翌朝、フォーラは昨日からの不安な気分を抱えていたせいで、まだ誰も起き出していない時間に目が覚めた。昨日はあれ以来、夕食の時間も含めスネイプの姿を見ることはなかった。それに彼から何の連絡もなかったこともあって、フォーラにはハリーや騎士団員たちがどうなったのかは分からず仕舞いだった。

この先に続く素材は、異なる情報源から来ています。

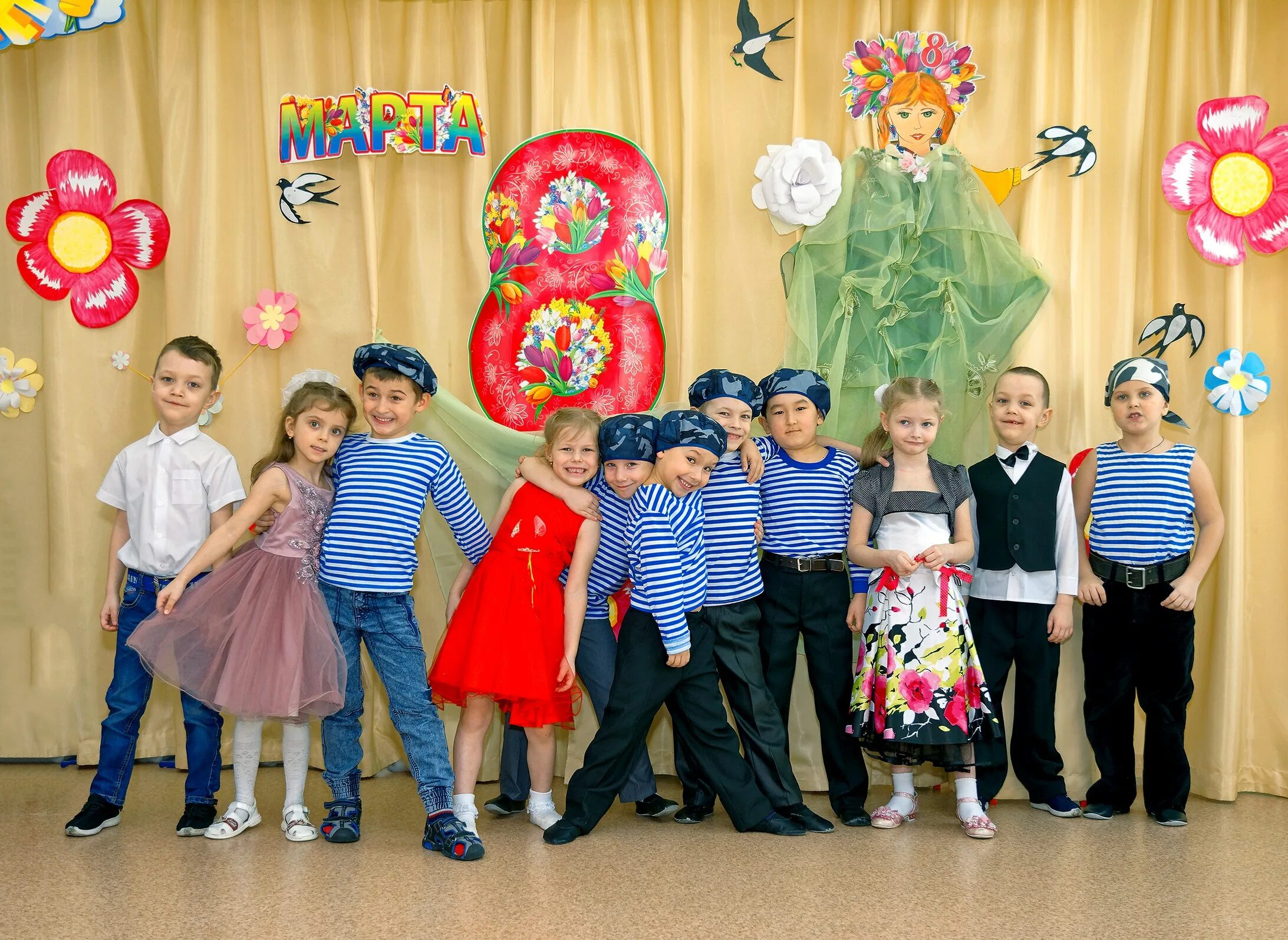 Садик 144 новокузнецк. Детский сад 78 новокузнецк. Конева детский сад. Садик. Конева детский сад.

フォーラは隣のベッドで眠る友人たちを起こさないように、はやる気持ちを落ち着かせようと一足早く談話室へと足を踏み入れた。するとそこには意外な人物が一人、静かな談話室の隅の肘掛け椅子に座り、前屈みになって頭を抱えている姿が目に入った。
「……ドラコ……?」
フォーラが声をかけると、彼はピクリと肩を震わせた。彼は恋人に名前を呼ばれても、いつものように振り返らなかった。唯々頭を抱えるように椅子の上にうずくまったまま、僅かに身体を震わせていた。
「ドラコ、どうしたの……!?」
フォーラは急いでドラコの元まで駆け寄り、彼の足元の絨毯に両膝をついた。そして彼の頬に手を添えて顔を覗き込むように上げさせると、彼は大粒の涙を流していた。

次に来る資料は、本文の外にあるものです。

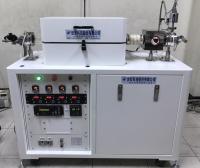 管狀爐(實驗型)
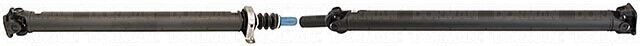 Dorman 946-932 Rear Driveshaft Assembly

「!」フォーラは驚いて咄嗟に声を出せなかった。ドラコは彼女の手を払って顔を背け、涙でグショグショになった顔を隠そうとした。彼の片手には、涙で滲んだ手紙のようなものが握られていた。
ドラコが顔を背けて俯いたまま、震えた声を発した。
「父上が……、父上が捕まった」
「えっ?」
「父上は、アズカバンに入れられてしまう……。」
窓の外に見える湖の底の深い青色が、ドラコの弱々しい声と姿を一層物悲しく照らした。フォーラは彼から差し出された手紙に目を通した。それはナルシッサ・マルフォイからのもので、走り書きが綴られていた。
『我が子へ
昨晩、お父様が敵に捕まりました。貴方のお友達の父親たちも。お父様はあの方のご命令に失敗してしまったのです。ポッターを筆頭にダンブルドアとその一味が邪魔立てしました。
近々お父様はアズカバンに投獄されるでしょう。とはいえ看守の吸魂鬼はあのお方側についているので、きっと直ぐに戻って来られる筈です。ただし仮にお父様が牢獄から出られたとしても、私たち一家はこれから厳しい目に晒されてしまうでしょう。世間からも、何よりあのお方からも……。

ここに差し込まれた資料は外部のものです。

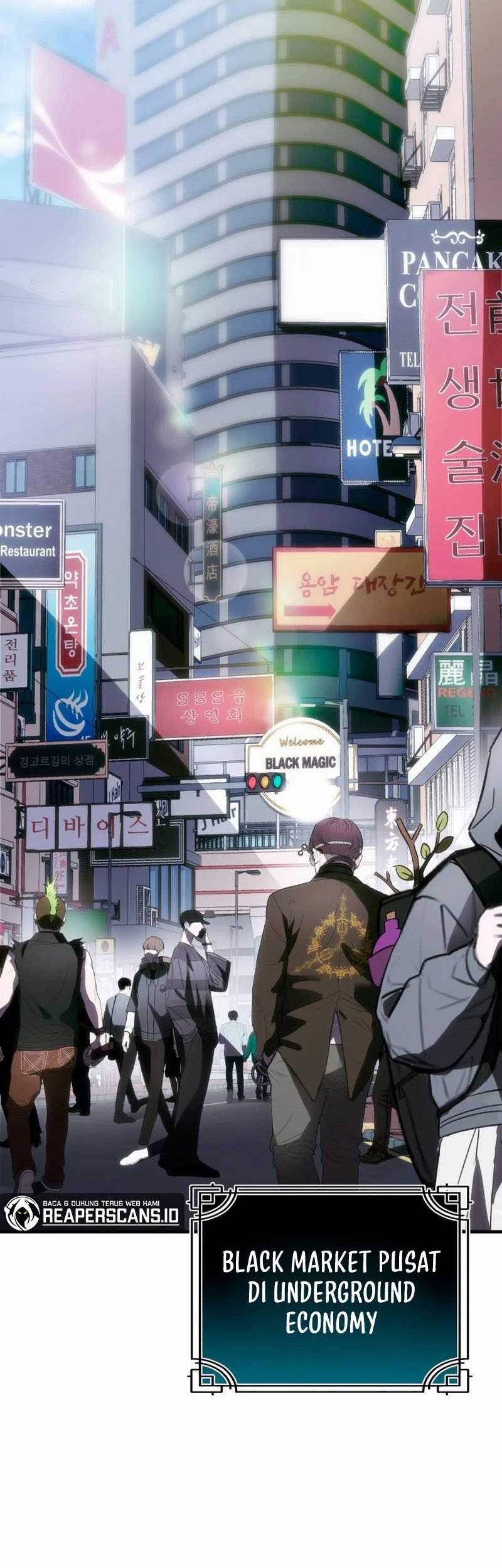 Chapter 11 - halaman 82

今回の詳細と今後のことは貴方が家に戻れば早急に伝えます。何があったかは新聞がある程度を報じてしまうでしょうが……。
ホグワーツでの残りの日数は静かに過ごすこと。いいですね。
母より』
フォーラはそれを読んで、昨日の自分の想像力の乏しさをひしひしと感じた。心配する対象は何もハリーたちだけではなかった。ヴォルデモート側のルシウス・マルフォイも渦中の存在だったのだ。
ルシウスを危険に晒したくないという思いは、ドラコは勿論フォーラも持ち合わせていた。そしてそれはフォーラの両親も同じだった。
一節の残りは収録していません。